Problem Statement

The azflights24 R package is a modified version of Hadley Wickham’s nycflights13 package and contains information about all flights that departed from the five major airports of Arizona in 2024, including PHX in Phoenix and TUS in Tucson. To help understand what causes delays, it also includes a number of other useful datasets:

weather: hourly meteorological data for each airport
planes: construction information about each plane
airports: airport names and locations
airlines: translation between two letter carrier codes and names

In this example, we will focus on a random sample of flights departing Phoenix (PHX) with no missing information:

data("flights", package = "azflights24")
phx_flights <- flights |>
  filter(origin == "PHX") |>
  select(carrier, dep_delay) |>
  drop_na()
set.seed(2016)
phx_rs <- phx_flights |> sample_n(6000)

We are interested in testing whether there is a difference in the mean departure delays by airline/carrier for departing flights from Phoenix in 2024. The carrier variable is coded as a 2-character code. The corresponding airlines dataset mentioned above contains the full name of the airline and we will link this together with our flights dataset later.

Competing Hypotheses

In words

Null hypothesis: The mean departure delays are the same for all 12 carriers for all 2024 flights departing Phoenix, Arizona.
Alternative hypothesis: At least one of the population mean departure delays is different.

Another way with words

Null hypothesis: There is no association between departure delay and airline in the population of interest.
Alternative hypothesis: There is an association between the variables in the population.

Set \(\alpha\)

It’s important to set the significance level before starting the testing using the data. Let’s set the significance level at 5% here.

Exploring the sample data

phx_summ <- phx_rs |>
  group_by(carrier) |>
  summarize(sample_size = n(),
    mean = mean(dep_delay),
    sd = sd(dep_delay),
    minimum = min(dep_delay),
    lower_quartile = quantile(dep_delay, 0.25),
    median = median(dep_delay),
    upper_quartile = quantile(dep_delay, 0.75),
    max = max(dep_delay))
kable(phx_summ)

carrier	sample_size	mean	sd	minimum	lower_quartile	median	upper_quartile	max
AA	1683	14.81640	60.7271	-17	-5.00	-2.0	8.00	782
AS	147	6.57143	31.1327	-22	-8.50	-4.0	6.00	189
B6	31	34.87097	79.8932	-17	-5.50	7.0	23.50	363
DL	344	7.12209	52.3905	-18	-6.00	-2.0	4.00	833
F9	284	11.53873	47.9082	-18	-10.00	-5.5	8.25	487
G4	14	30.28571	63.3299	-14	-10.75	7.5	35.75	192
HA	15	-0.53333	5.5403	-10	-3.00	-2.0	0.00	12
MQ	266	4.69549	20.9382	-10	-4.00	-2.0	0.00	138
NK	35	15.97143	31.8937	-14	-4.50	4.0	20.50	109
OO	787	6.07497	38.8151	-13	-7.00	-4.0	0.00	631
UA	310	10.21613	61.9166	-18	-6.75	-4.0	2.00	839
WN	2084	12.35701	27.1891	-13	-2.00	2.0	15.00	239

The side-by-side boxplot below also shows the mean for each group highlighted by the red dots. We remove the outliers and zoom in on the interquartile range to make the plot more readable.

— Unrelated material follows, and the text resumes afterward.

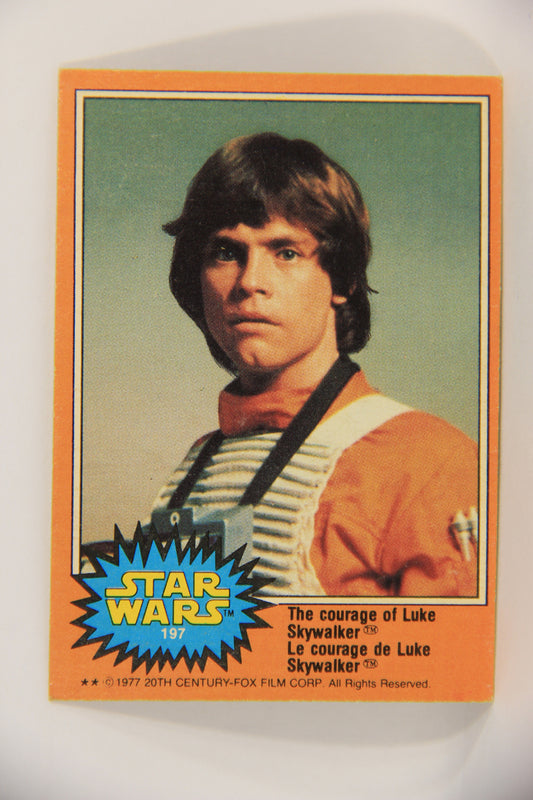 Star Wars 1977 Trading Card #197 The Courage Of Luke Skywalker FR-ENG OPC L020031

phx_rs |> ggplot(aes(x = carrier, y = dep_delay)) +
  geom_boxplot(outlier.shape = NA) +
  coord_cartesian(ylim = c(-20, 45)) +
  stat_summary(fun = "mean", geom = "point", color = "red")

Guess about statistical significance

We are looking to see if a difference exists in the mean departure delay across the levels of the explanatory variable. Based solely on the boxplot, we have reason to believe that a difference exists, but the overlap of the boxplots is potentially a bit concerning.

Non-traditional methods

We’ll use the infer package to carry out the simulation-based workflow with the \(F\) statistic. Because the dataset is large, we use 1,000 replicates here.

Observed statistic

F_hat <- phx_rs |>
  specify(dep_delay ~ carrier) |>
  hypothesize(null = "independence") |>
  calculate(stat = "F")
F_hat

## Response: dep_delay (numeric)
## Explanatory: carrier (factor)
## Null Hypothesis: ...
## # A tibble: 1 × 1
##    stat
##   <dbl>
## 1  4.04

Randomization for Hypothesis Test

Under the null of no association, the carrier labels are exchangeable, so infer shuffles them and recomputes the \(F\) statistic to build the null distribution.

set.seed(2018)
null_distn <- phx_rs |>
  specify(dep_delay ~ carrier) |>
  hypothesize(null = "independence") |>
  generate(reps = 1000, type = "permute") |>
  calculate(stat = "F")

A big \(F\) ratio corresponds to between-group variability over-powering within-group variability, so this is a one-sided (right-tailed) test.

null_distn |>
  visualize() +
  shade_p_value(obs_stat = F_hat, direction = "greater")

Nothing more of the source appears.